Вечером, по обыкновению, мы остались одни и сидели в кабинете. В зале не было огня… Вдруг, вовсе неожиданно, на пороге темной комнаты обрисовалась фигура военного штаб-офицера, который подал Пестелю небольшую записку, написанную карандашом: «La société est découverte: si un seul membre sera pris — je commence l’affaire [25].
С. Муравьев-Апостол».
12 декабря Барятинский известил Пестеля, что в Тульчин приехал генерал-адъютант Чернышев с каким-то подозрительным поручением. Чернышев, Витгенштейн и Киселев имели секретное совещание, и следует ожидать самого худшего. Вечером этого дня Пестель и Лорер уничтожили все компрометирующие бумаги.
На следующий день в Линцах был получен приказ из штаба армии, где говорилось, что командиру 1-й бригады 18-й дивизии генералу Кладищеву и полковникам Пестелю и Аврамову предписывается немедленно явиться в Тульчин. Объяснялось это тем, что 1-я бригада с 1 января должна была вступить в караул в главной квартире армии, и потому трое ее старших офицеров должны получить соответствующие инструкции.
«Чуя приближающуюся грозу, — писал Лорер, — но не быв уверены совершенно в нашей гибели, мы долго доискивались в этот вечер какой-нибудь задней мысли, дурно скрытого намека в приказе по корпусу; но ничего не нашли особенного, разве то, что имя Пестеля было повторено в нем 3 раза. В недоумении мы не знали, что предпринять, и Пестель решился отдаться своему жребию.
Я хотел было идти к себе, но Пестель еще меня остановил и послал просить к себе бригадного командира. Когда добрый старик, бывший с нами в хороших отношениях, пришел, то Пестель сказал ему: «Я не еду, я болен… Скажите Киселеву, что я очень нездоров и не могу явиться». С тем мы и расстались далеко за полночь.

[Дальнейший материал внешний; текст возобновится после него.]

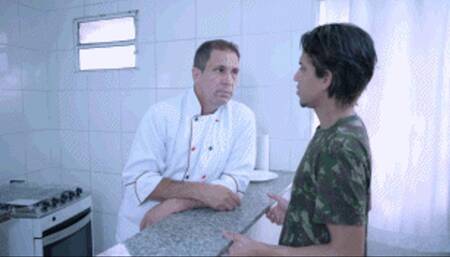 SCISSORHOLD PIZZAIOLO CRUEL - EXCLUSIVE PARADISE 2021 - FULLHD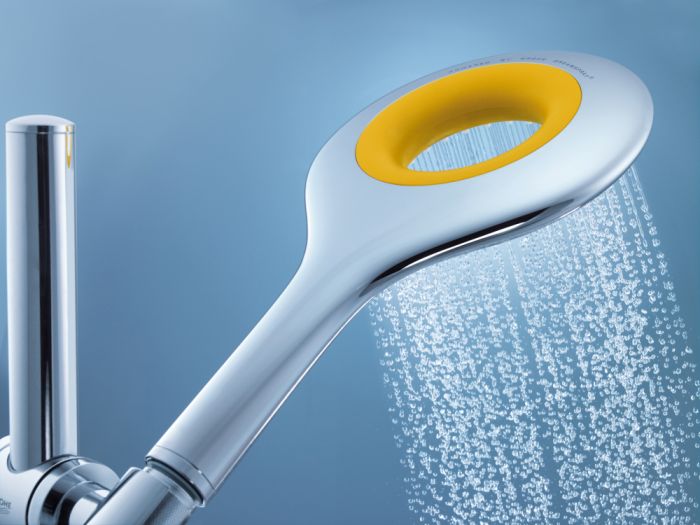 Кронштейн для верхнего душа Hansgrohe 27446000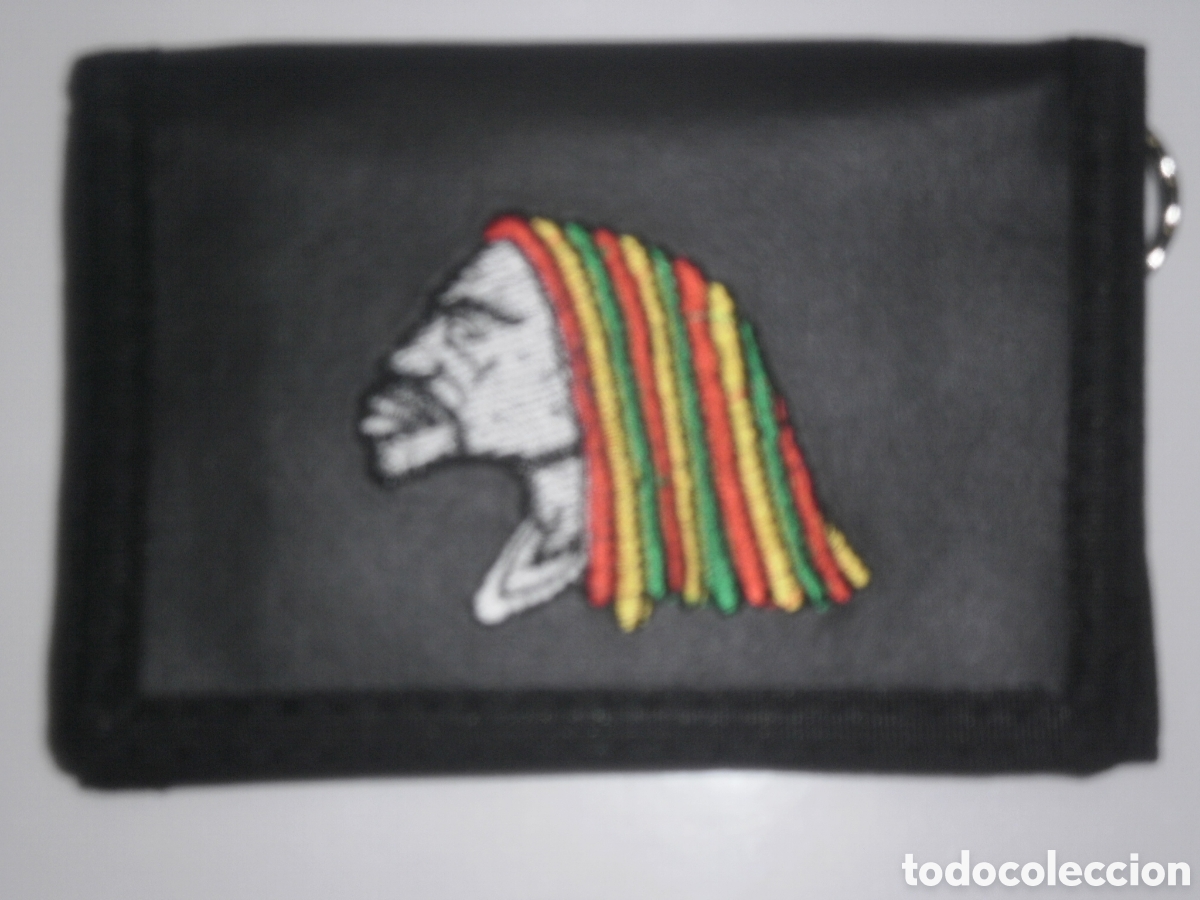 Nuevo: Cartera Nueva Rasta Rastafari - Foto 1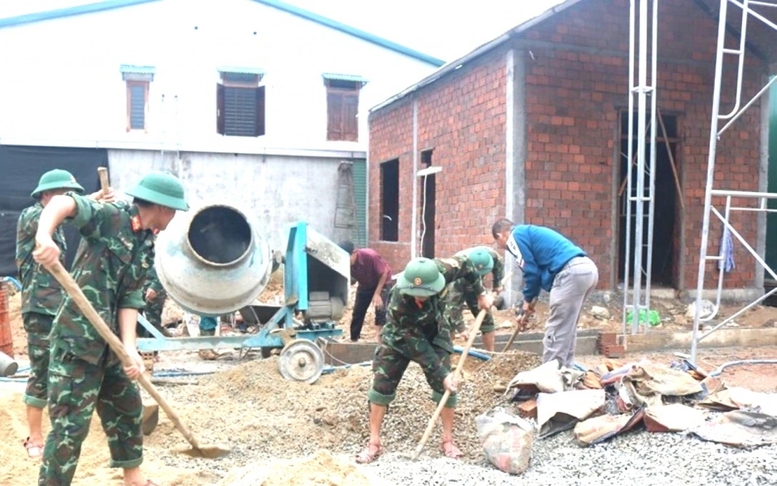 Nỗ lực hoàn thành “Chiến dịch Quang Trung” trước ngày 15/01/2026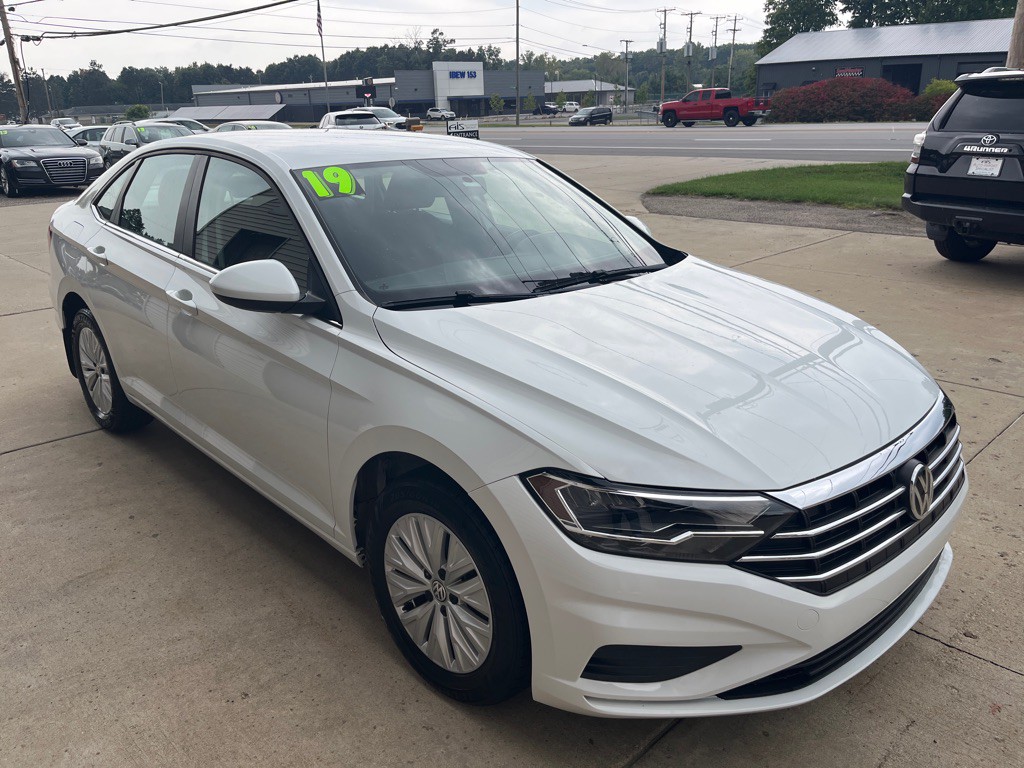 2019 Volkswagen Jetta Image 1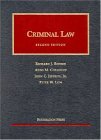 Criminal Law (University Casebook Series)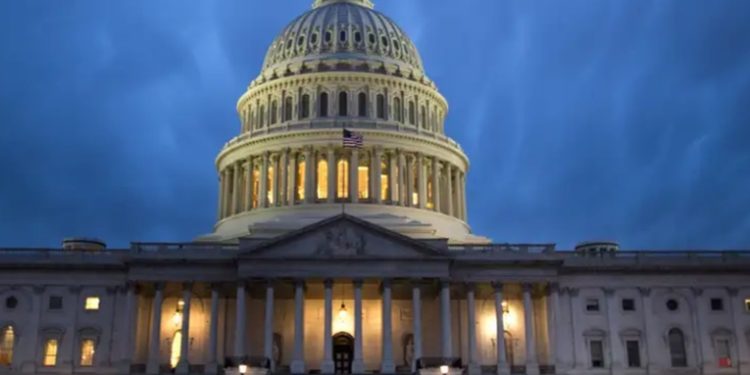 El Senado estadounidense alcanza acuerdo presupuestario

Не успел я возвратиться к себе и лечь в постель, как человек Пестеля прибегает ко мне с просьбою пожаловать к нему и с известием, что полковник сейчас едут в Тульчин. Не постигая таких быстрых перемен, я наскоро оделся и побежал к полковнику… Он уже был одет по-дорожному, и коляска его стояла у крыльца…
— Я еду, что будет, то будет, — встретил он меня словами. — Я еще хотел вас видеть, Николай Иванович, чтобы сказать вам, что, может быть, мне придется дать вам поручение маленькой записочкой, хотя бы карандашом написанной: исполните без отлагательства то, что вы там прочтете, — хоть из любви к нам.